Items from a dataset:
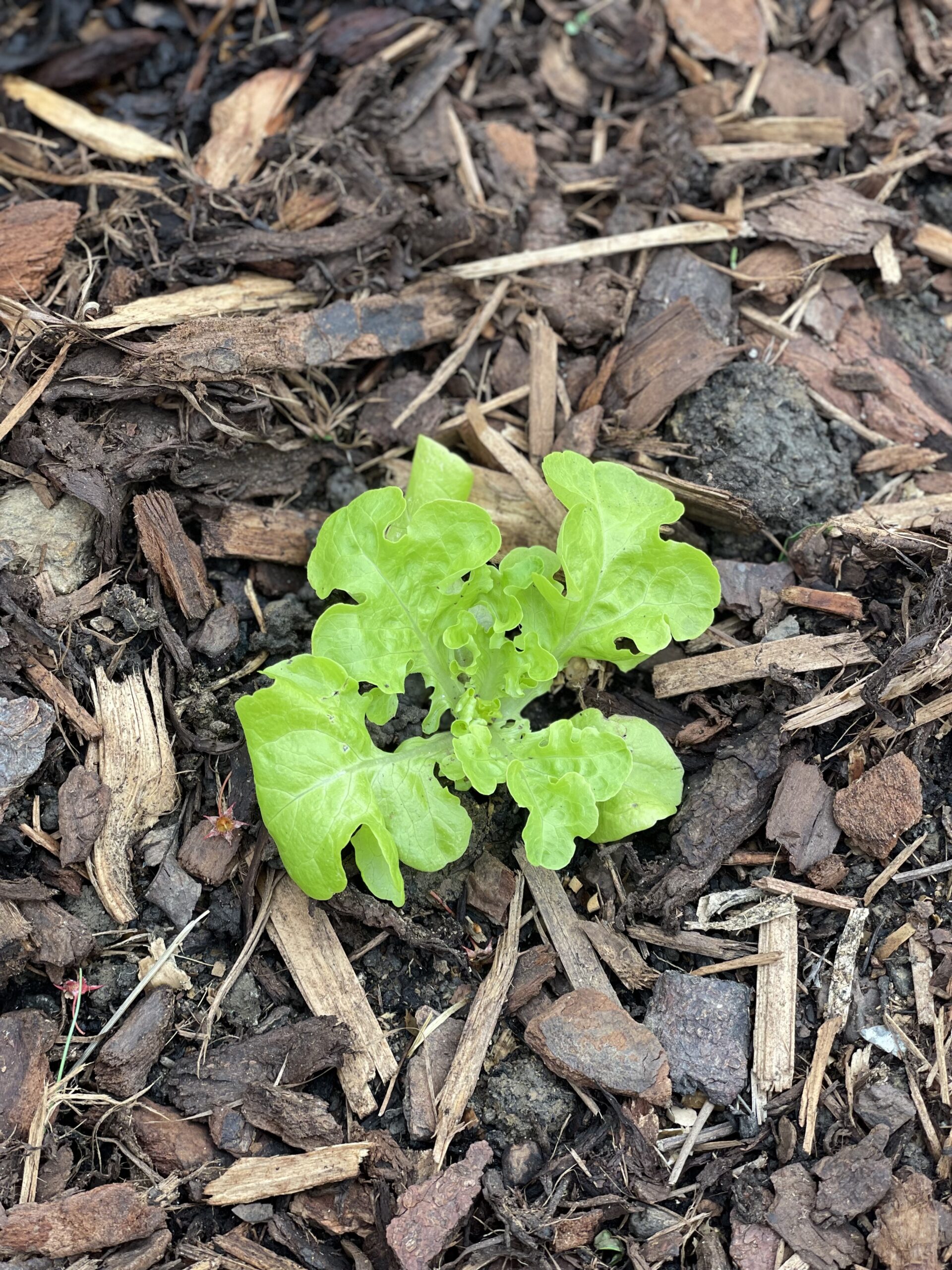 Nach einer erfolgreichen Anzucht im Haus kannst du den Salat auspflanzen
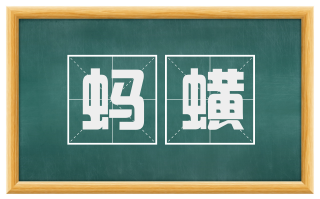 蚂蟥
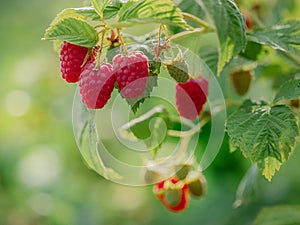 Close-up of ripe raspberries on a bush. Organic farming and healthy food concept, copy space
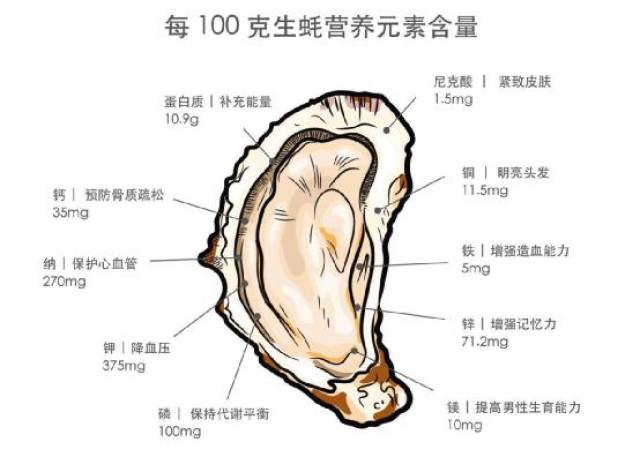 生蚝的营养成分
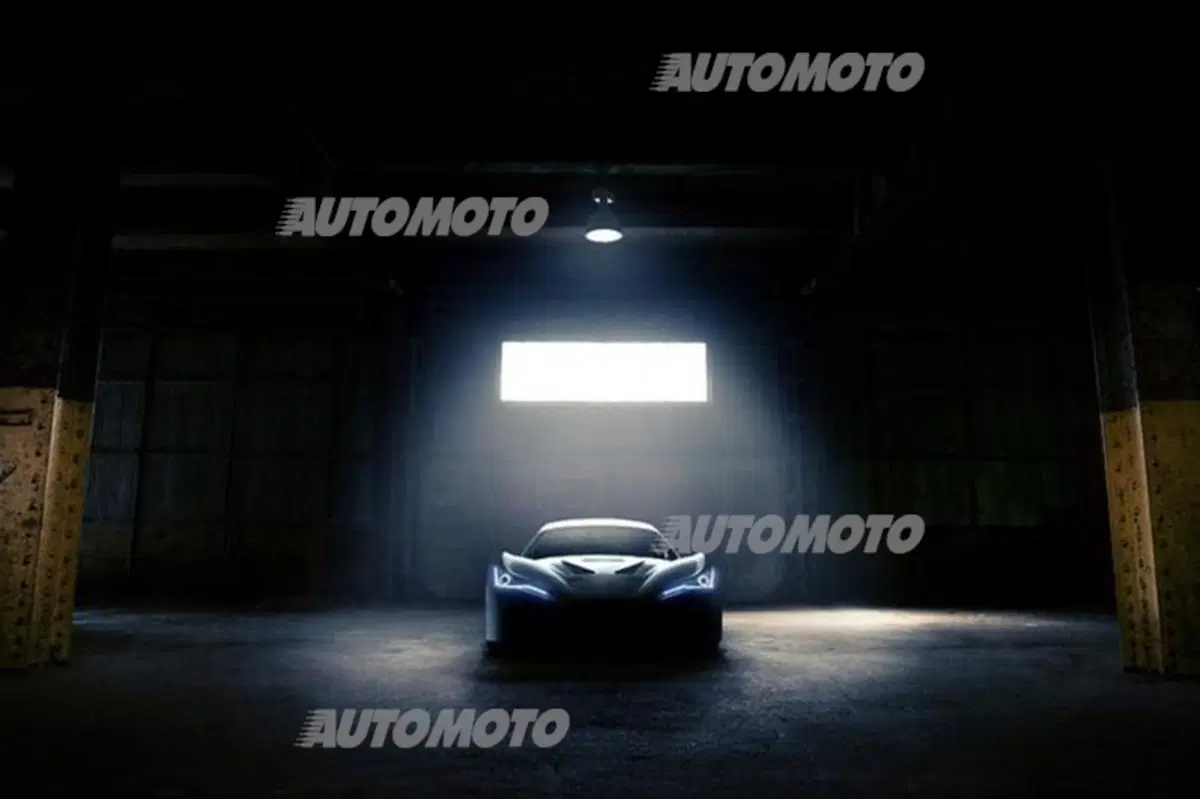 Felino CB7 (28)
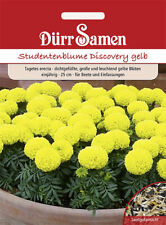 Studentenblumen discovery gelb gebraucht kaufen  Pulheim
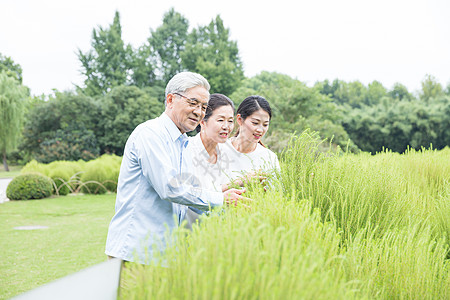 幸福一家人欣赏绿植高清图片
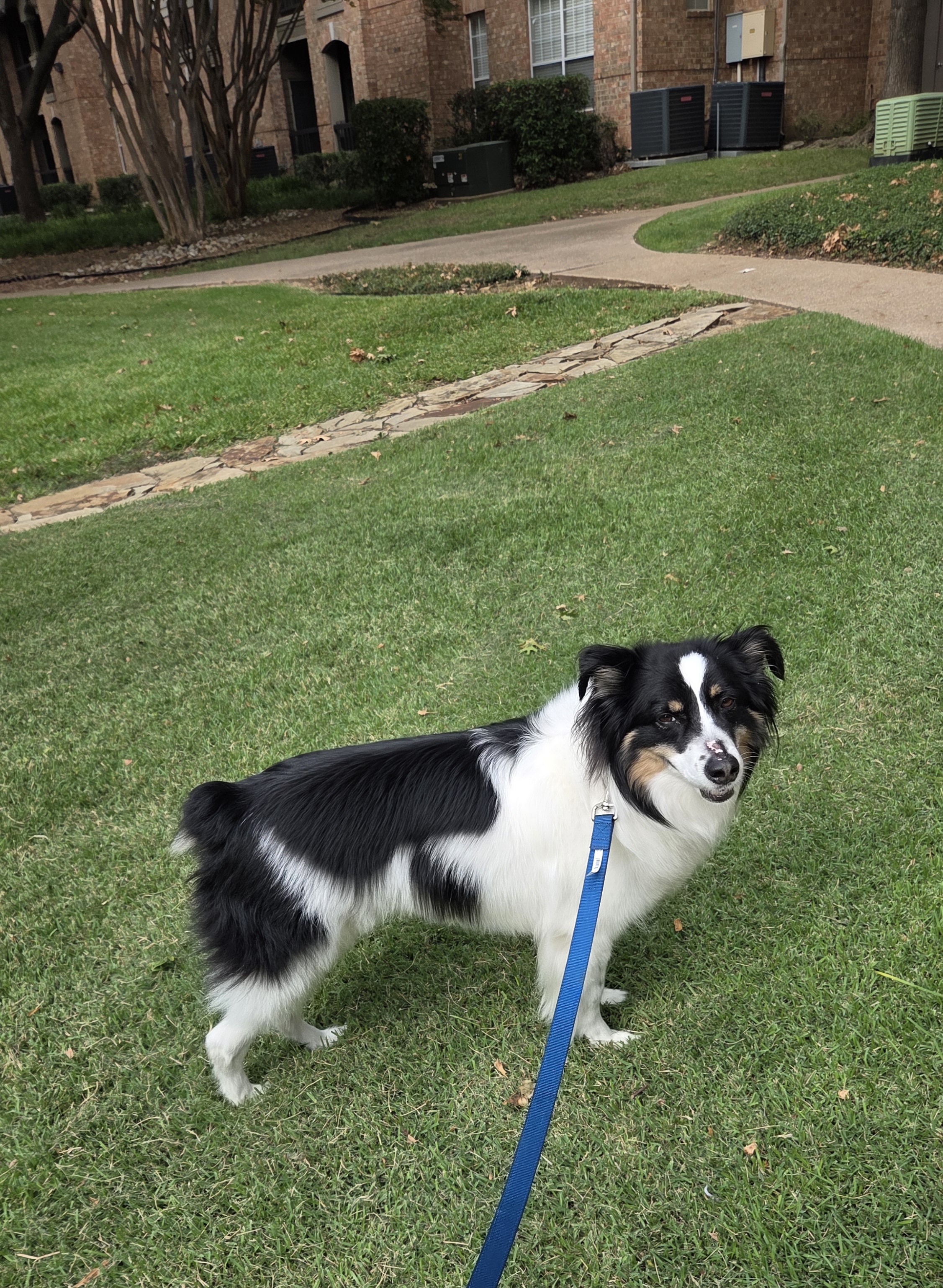 dog walking on leash at apartment complex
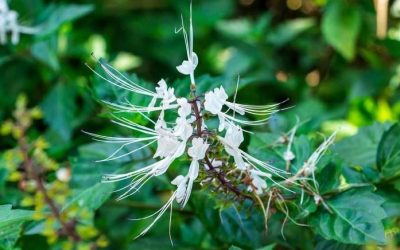 Blog 6 Manfaat Kumis Kucing Sebagai Obat Herbal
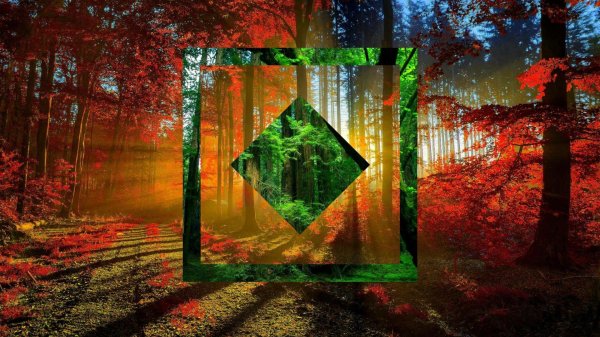 в осеннем лесу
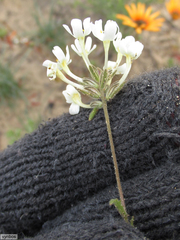 Polycarena batteniana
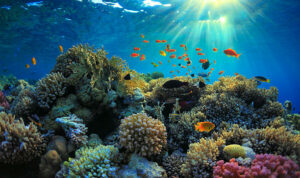The Red Sea, Egypt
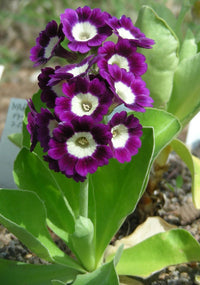Heirloom Non-GMO Dark Purple Primrose Flower Seeds for Vibrant Garden Blooms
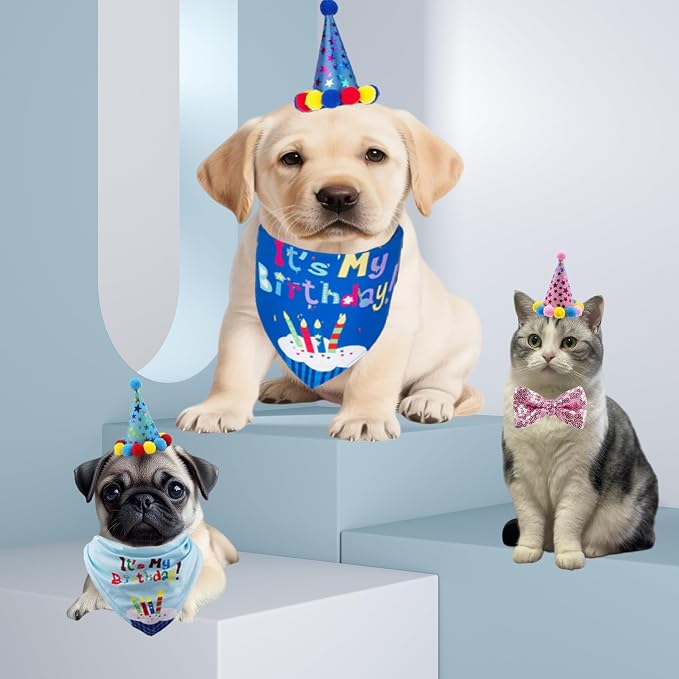 Pet Birthday Party Set, Dogs Bandana and Dog Birthday Hat - Image 5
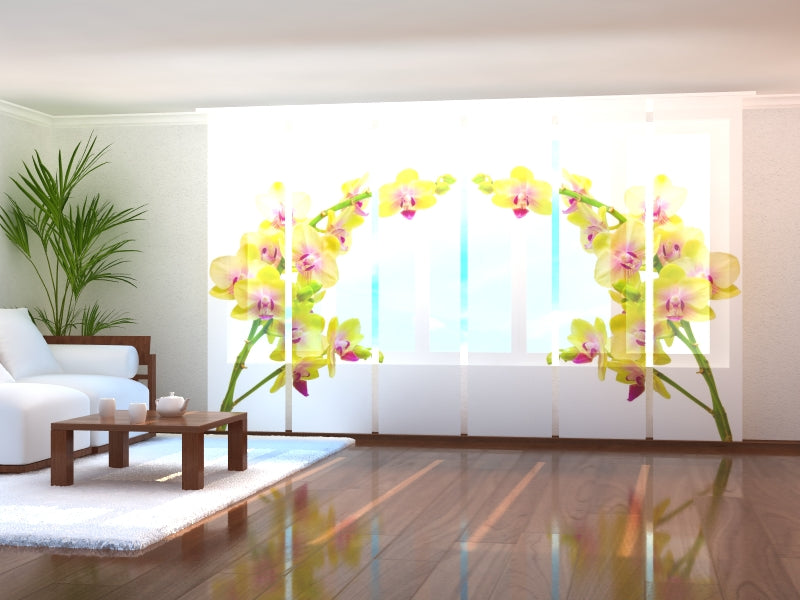 Schiebegardinen Sonnige Orchidee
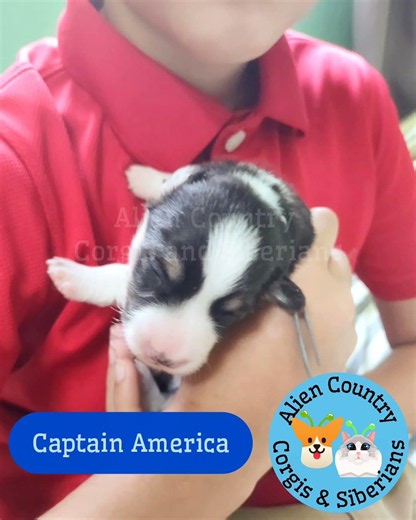 🦸🇺🇸 Captain America the Corgi | Organic Pembrokes with Tails by Alien Country Corgis & Si #shorts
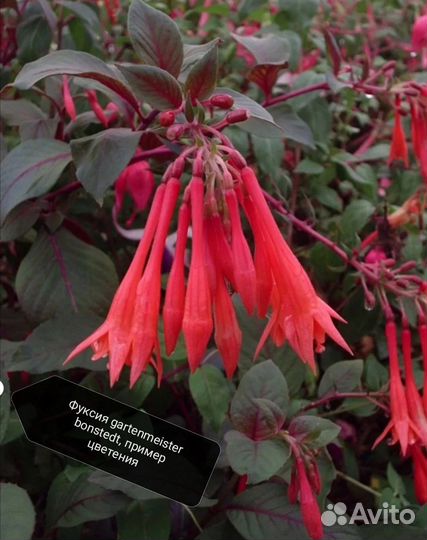 Комнатные растения часть 2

## [About this task]
Copy out each record word for word and omit any pictures.

## [Written response]
 Nach einer erfolgreichen Anzucht im Haus kannst du den Salat auspflanzen
 蚂蟥
 Close-up of ripe raspberries on a bush. Organic farming and healthy food concept, copy space
 生蚝的营养成分
 Felino CB7 (28)
 Studentenblumen discovery gelb gebraucht kaufen  Pulheim
 幸福一家人欣赏绿植高清图片
 dog walking on leash at apartment complex
 Blog 6 Manfaat Kumis Kucing Sebagai Obat Herbal
 в осеннем лесу
 Polycarena batteniana
The Red Sea, Egypt
Heirloom Non-GMO Dark Purple Primrose Flower Seeds for Vibrant Garden Blooms
 Pet Birthday Party Set, Dogs Bandana and Dog Birthday Hat - Image 5
 Schiebegardinen Sonnige Orchidee
 🦸🇺🇸 Captain America the Corgi | Organic Pembrokes with Tails by Alien Country Corgis & Si #shorts
 Комнатные растения часть 2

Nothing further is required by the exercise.